The ‘H u G’ [‘agmean’] command computes the “arithmetic-geometric
mean” of two numbers taken from the stack. This is computed by
replacing the two numbers with their arithmetic mean and geometric mean,
then repeating until the two values converge.
The ‘u R’ (‘calc-vector-rms’) [‘rms’] command computes the RMS
(root-mean-square) of the data values. As its name suggests, this is
the square root of the mean of the squares of the data values.

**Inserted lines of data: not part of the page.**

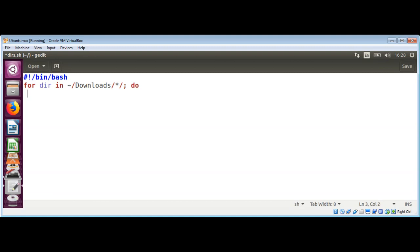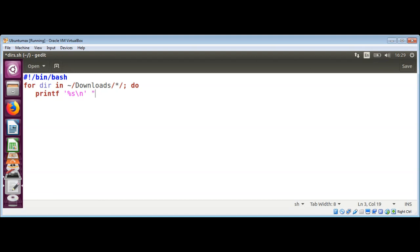And in the for loop, we need to print. Printf, and single quote, then percent sign s, and backslash, and single quote. And then our directory name. That will be double quotes, and dollar sign, dir.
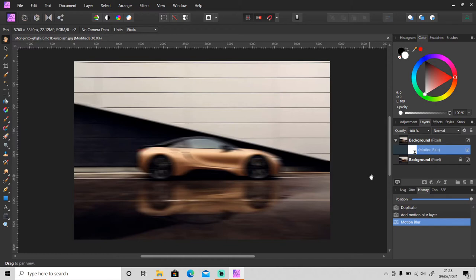Now as you can see, you get this fast moving effect, but we just want to apply it to the background, so I will use the brush tool.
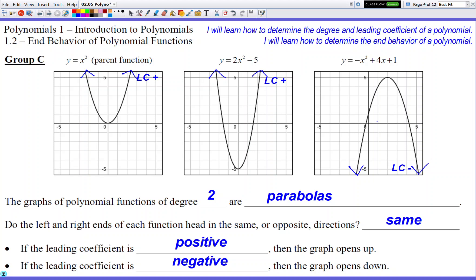When I look at the arrows for degree two and draw arrows at the end of each graph, they head in the same direction. If my LC is positive, the right side is going to go up. If the LC is negative — like in the third graph — the right side arrow goes down. Hopefully you're starting to see the pattern: the LC, based on whether it's positive or negative, controls the direction of the right side arrow.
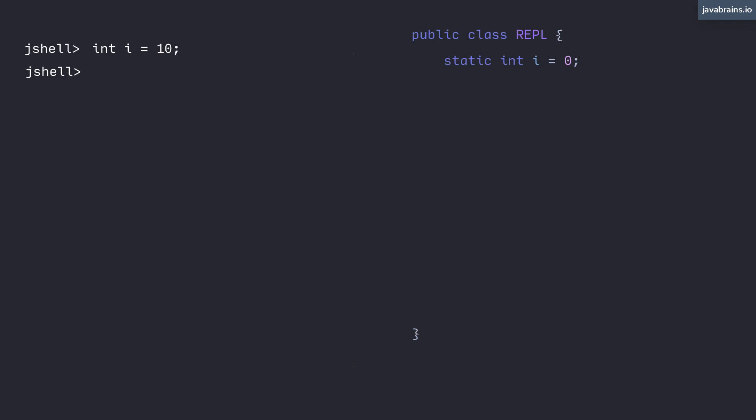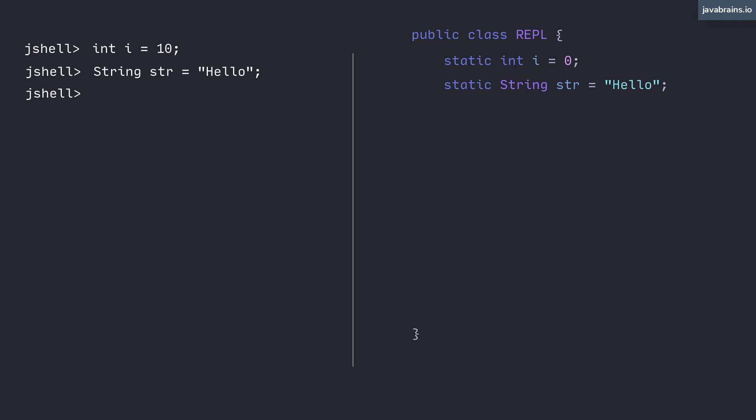So every time you execute a command that declares a variable, what you're actually doing is creating a member variable in this wrapper class that you don't have access to, but it's something that JShell maintains. So when you declare int i equals 10 and assign it the value 10, JShell is implicitly in the background — without your knowledge — creating a static member variable in this hidden wrapper class. This works the same way for a string: if you write string str equals hello, JShell creates that static member variable with the same variable name, same data type, assigned to the same value.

The ‘u S’ (‘calc-vector-sdev’) [‘vsdev’] command computes the
standard deviation of the data values. If the values are error forms,
the errors are used as weights just as for ‘u M’. This is the _sample_
standard deviation, whose value is the square root of the sum of the
squares of the differences between the values and the mean of the ‘N’
values, divided by ‘N-1’.
This function also applies to distributions. The standard deviation
of a single error form is simply the error part. The standard deviation
of a continuous interval happens to equal the difference between the
limits, divided by ‘sqrt(12)’. The standard deviation of an integer
interval is the same as the standard deviation of a vector of those
integers.
The ‘I u S’ (‘calc-vector-pop-sdev’) [‘vpsdev’] command computes the
_population_ standard deviation. It is defined by the same formula as
above but dividing by ‘N’ instead of by ‘N-1’. The population standard
deviation is used when the input represents the entire set of data
values in the distribution; the sample standard deviation is used when
the input represents a sample of the set of all data values, so that the
mean computed from the input is itself only an estimate of the true
mean.
For error forms and continuous intervals, ‘vpsdev’ works exactly like
‘vsdev’. For integer intervals, it computes the population standard
deviation of the equivalent vector of integers.
The ‘H u S’ (‘calc-vector-variance’) [‘vvar’] and ‘H I u S’
(‘calc-vector-pop-variance’) [‘vpvar’] commands compute the variance of
the data values. The variance is the square of the standard deviation,
i.e., the sum of the squares of the deviations of the data values from
the mean. (This definition also applies when the argument is a
distribution.)
The ‘vflat’ algebraic function returns a vector of its arguments,
interpreted in the same way as the other functions in this section. For
example, ‘vflat(1, [2, [3, 4]], 5)’ returns ‘[1, 2, 3, 4, 5]’.